As such, three newcomers have made the outsiders list: Saido Berahino, James Ward-Prowse and Harry Kane, all of whom netted against San Marino or Lithuania.

It was the latter who scored the most - notching a hat-trick against San Marino - despite not featuring in the follow-up. The Tottenham forward has a point to prove this term, having featured just the once in the Premier League all season, but he is certainly showing what he can do with game time.

Berahino and Ward-Prowse, too, impressed over the course of the two qualifiers. The former netted twice against Lithuania, while Ward-Prowse scored a stunning free kick in the same encounter. With both youngsters also in good form for their clubs, a little chat with Southgate about the pair - and Kane - will do Hodgson no harm at all.

Meanwhile, Wilfried Zaha produced another solid display against Lithuania, registering two assists. The winger has the added bonus of already having made his senior debut, though a loan move away from Manchester United may be his only chance of making the squad.

For the rest of the names in this category, it is a case of as you were - with one or two minor exceptions.

Raheem Sterling, for example, will be enthused about his chances of making the World Cup next summer.
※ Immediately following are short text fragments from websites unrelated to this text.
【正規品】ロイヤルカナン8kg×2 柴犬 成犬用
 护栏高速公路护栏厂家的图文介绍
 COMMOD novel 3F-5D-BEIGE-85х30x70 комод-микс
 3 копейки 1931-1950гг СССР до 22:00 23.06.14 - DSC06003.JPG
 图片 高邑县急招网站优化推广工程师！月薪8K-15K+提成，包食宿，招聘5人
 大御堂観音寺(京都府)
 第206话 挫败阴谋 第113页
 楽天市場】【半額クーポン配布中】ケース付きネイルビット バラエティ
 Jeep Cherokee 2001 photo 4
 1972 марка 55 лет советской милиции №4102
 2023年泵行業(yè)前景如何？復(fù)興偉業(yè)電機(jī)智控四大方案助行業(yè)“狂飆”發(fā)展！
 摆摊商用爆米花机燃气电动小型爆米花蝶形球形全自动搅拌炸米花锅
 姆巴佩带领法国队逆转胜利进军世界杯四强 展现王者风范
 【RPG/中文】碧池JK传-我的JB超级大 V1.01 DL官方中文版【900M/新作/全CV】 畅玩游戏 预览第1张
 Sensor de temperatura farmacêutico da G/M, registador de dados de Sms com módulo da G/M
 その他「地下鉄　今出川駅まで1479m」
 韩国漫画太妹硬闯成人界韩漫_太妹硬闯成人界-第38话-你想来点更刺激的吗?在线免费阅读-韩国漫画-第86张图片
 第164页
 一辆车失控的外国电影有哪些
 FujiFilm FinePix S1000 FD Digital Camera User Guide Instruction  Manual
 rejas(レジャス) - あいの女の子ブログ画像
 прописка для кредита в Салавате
The Liverpool winger has made a truly awful start to the club season, though Hodgson still opted to promote him to the senior squad as injury cover against Poland.

Conversely, while Gareth Barry has been offered no signs of support by the England setup, his form at Everton arguably gives him more than an outside shot of making the trip to Brazil.

For Kieran Gibbs, however, the national side's most recent qualifiers perhaps offer a damning verdict of the Arsenal full-back's standing within the international game. Selected for the squad as cover for Cole, Gibbs may have been hopeful of a start at right-back against Poland when Walker was suspended. Hodgson opted for Smalling, though, confirming that - while Gibbs is England's third choice at left back - he has even less chance of deputising on the other flank.